It’s not every day that you hear about rhinos being transported by plane!
But recently, conservationists celebrated the largest single transport of thirty white rhinos. The rhinos flew 2,000 miles from South Africa’s Phinda Private Game Reserve to their new home, the Akagera National Park in eastern Rwanda.
The park will provide a safe environment for the white rhinos, as they are under the constant threat of poachers in South Africa.
Once a common sight across sub-Saharan Africa, the white rhinos are now only found in South Africa, Namibia, Zimbabwe, and Kenya. White rhinos move in small groups and play a major role in the ecosystem by grazing on the land and pushing back bushes.
There are two species of white rhinos - the southern and the northern. Previously, the southern rhinos were near the brink of extinction. They were victims of uncontrolled hunting by European colonists, and since the 1970s, for the illegal poaching for their horns.
A surprise discovery of 100 southern white rhinos in the late 1990s gave conservationists hope. Thanks to years of protection, their population has rebounded to nearly 20,000 today. Since then, authorities have re-classified the southern white rhinos from "endangered" to "near-threatened."
But the northern white rhinos are near extinct, with only two females remaining who are too old to reproduce. Researchers have used in-vitro fertilization by combining the sperm of deceased white males and eggs from the females to create embryos. The embryos are frozen and will eventually be planted in southern white rhinos.
Why Were They Flown?
The main goal of the project is to expand the rhinos’ habitat range to give them more protection.
By spreading the population out, it is harder for poachers to get to them and improves the animals' chances of breeding. Authorities have fit each rhino with a tracker. An anti-poaching canine unit and a helicopter surveillance team have also been deployed.

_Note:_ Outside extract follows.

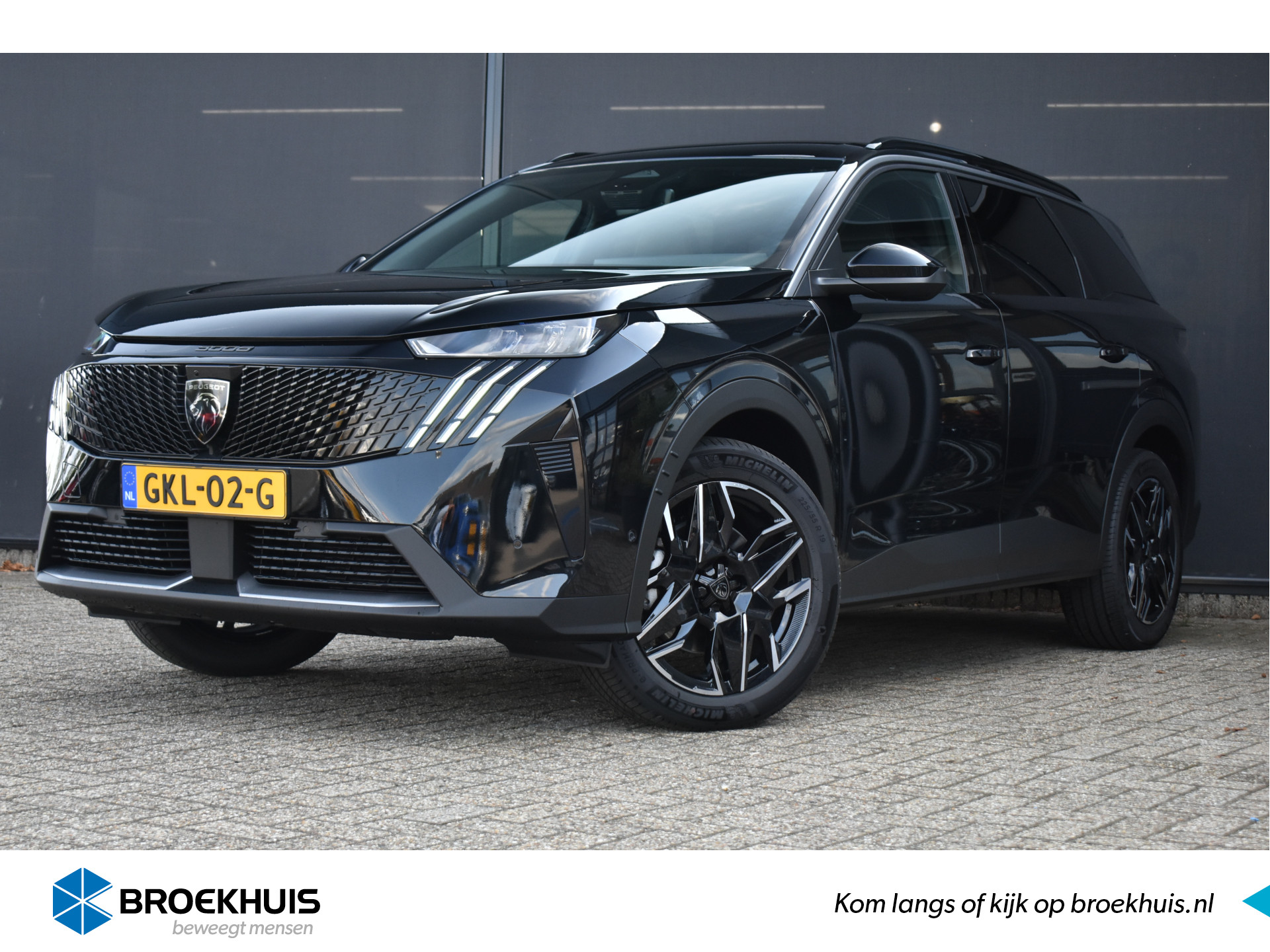 Peugeot 5008 1.2 Turbo Mild-Hybrid 136pk Automaat 7p. | DEMO-DEAL! | Beschikbaar voor proefrit! | Navigatie | Half-Leder | 360 Camera | Full-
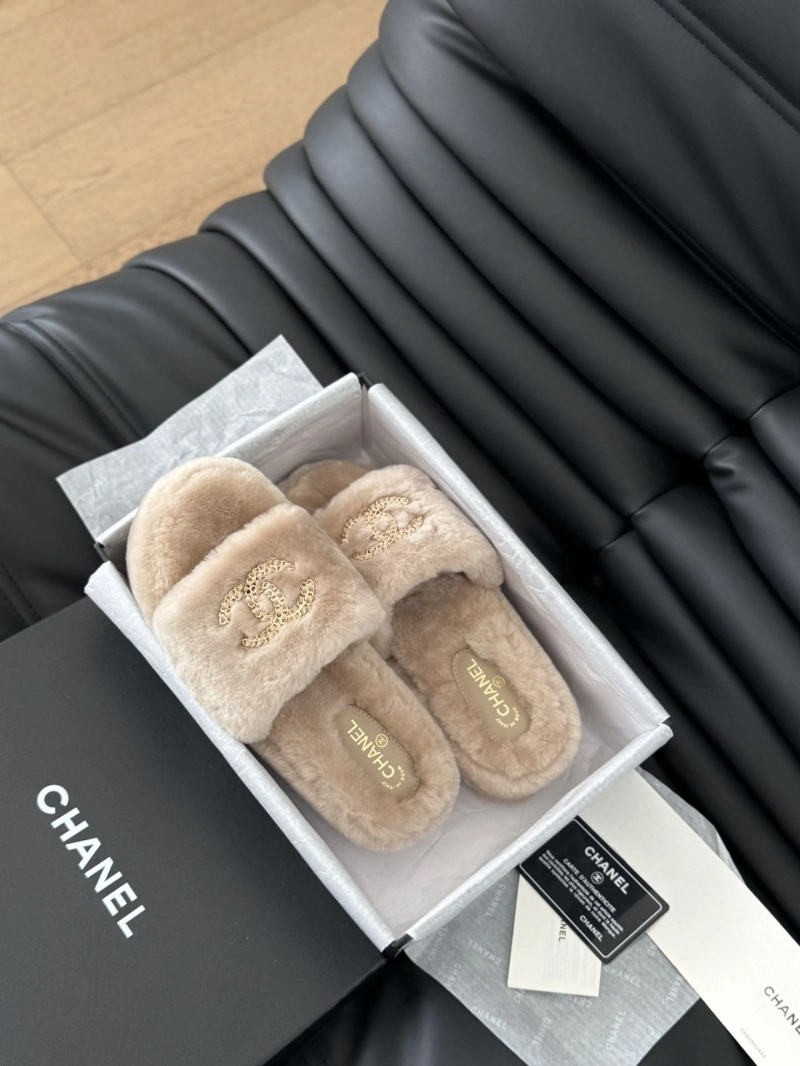 Lightweight Chxnxl Slippers 129889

The animals will have to adjust to their new environment at Akagera National Park. Since the area is home to the tsetse fly that can carry a disease that is fatal to the animals, park officials have installed fly traps. The rhinos will also need to adjust to the new plants in the area that they will feed on.
Rhinos are an important part of sub-Saharan Africa’s complex, biodiverse ecosystem. With Akegara National Park predicted to become a valuable sanctuary for white and black rhinos, there is the hope of bringing these animals back to their original population and habitats.